Queen Trios’s inclusion in the series may prove to be a double edged sword for many readers. Her turn, in the context of this book alone, may seem quick and unearned. Readers of Darth Vader have already spent time with the character, familiar with her interactions with Vader and the “War” that ravaged her planet. I do wonder if this connectivity will continue in the future. For me, I love this interconnectivity and I think the series will thrive the longer Gillen utilizes it. For new readers, such interconnectivity may lose meaning. Whether or not that hampers their enjoyment of the series is something only time will tell.

Finally, the plotting of this arc suffered from trying to both set up its own story while serving as a foundation for the rest of Gillen’s run. As it stands, I applaud Gillen for his tenacity. Some introductory arcs can be slow in order to set up the series. That Gillen wanted to show the liberation of Jedha while setting up the future is admirable. As it stands, though, the pacing does suffer a little. The first three issues are slow, building up first the tension between the Rebels and the Partisans, and then the tension between the Partisans and the Empire. Each issue shows the Empire throwing a bigger threat at the Partisans than last issue, a continual back and forth one-upping each other. When the Leviathan arrives, it comes with less weight and gravitas than I imagined, and when it is destroyed within a two-issue stretch, its threat seems to be underutilized. But, this foundational arc was exciting, and it gives me hope that Gillen will use the best of the space allotted to him in each issue.

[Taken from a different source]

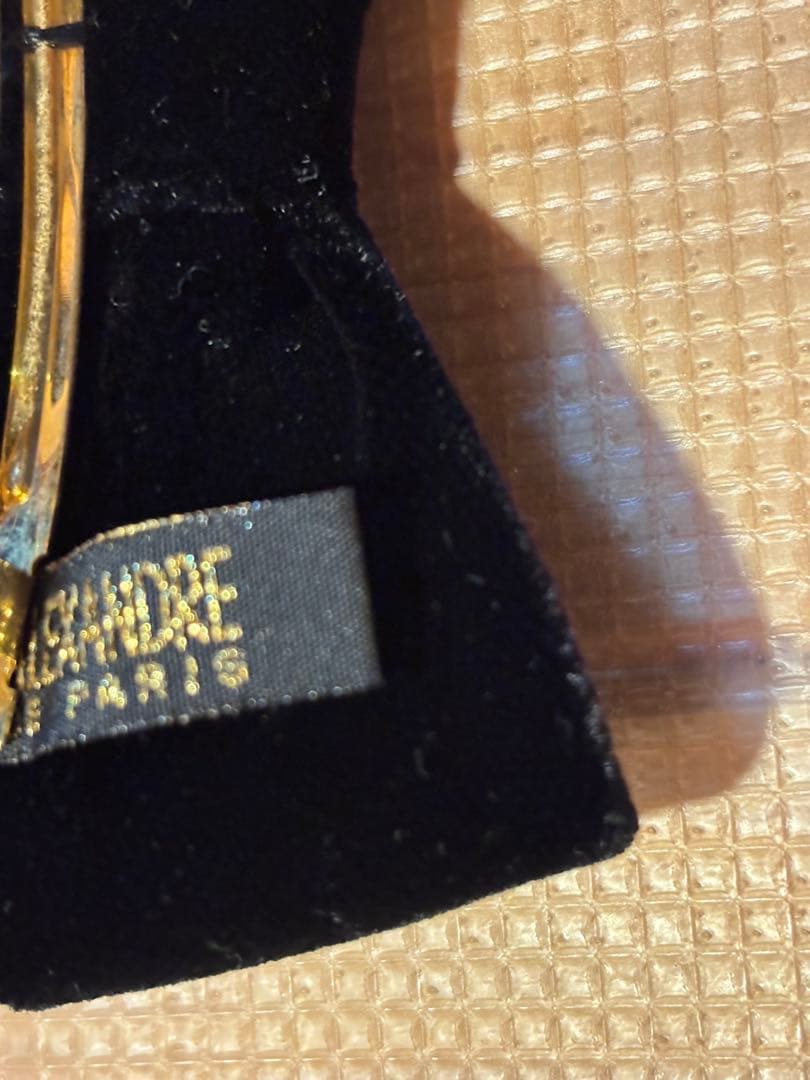 ALEXANDRE DE PARIS 黒ベロアリボンバレッタ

Unfortunately, there were setbacks that kept the arc from being perfect, despite the extremely well-done characterizations. I would be remiss to not mention the oft-critiqued, much maligned artwork on the series. In his previous reviews, Ryan had made note of how distracting the art could be. The art is photo referenced against the movies, with photo referenced faces being colored differently than the rest of the series. This discoloration seems to be part of the process, as it seems like the faces are colored before the rest of the art. Not only is the difference in coloring jarring, it is also jarring to be able to pick out which movie scene is referenced in the panel. The uncanny valley effect brought me out of the story far too many times when the illusion of the team on Jedha was broken with movie scenes transferred into the panel. The final page of the arc was a poignantly written scene, but the splash page of the Rebels cropped together from many different scenes undercut any emotional reaction I might’ve had. This is probably due to the faster release schedule of this book (at least two months featured two issues from this arc). If that schedule is behind these artistic choices, I would be satisfied to only get one issue a month. Heck, I’d even endure a hiatus to give the artists more time to work!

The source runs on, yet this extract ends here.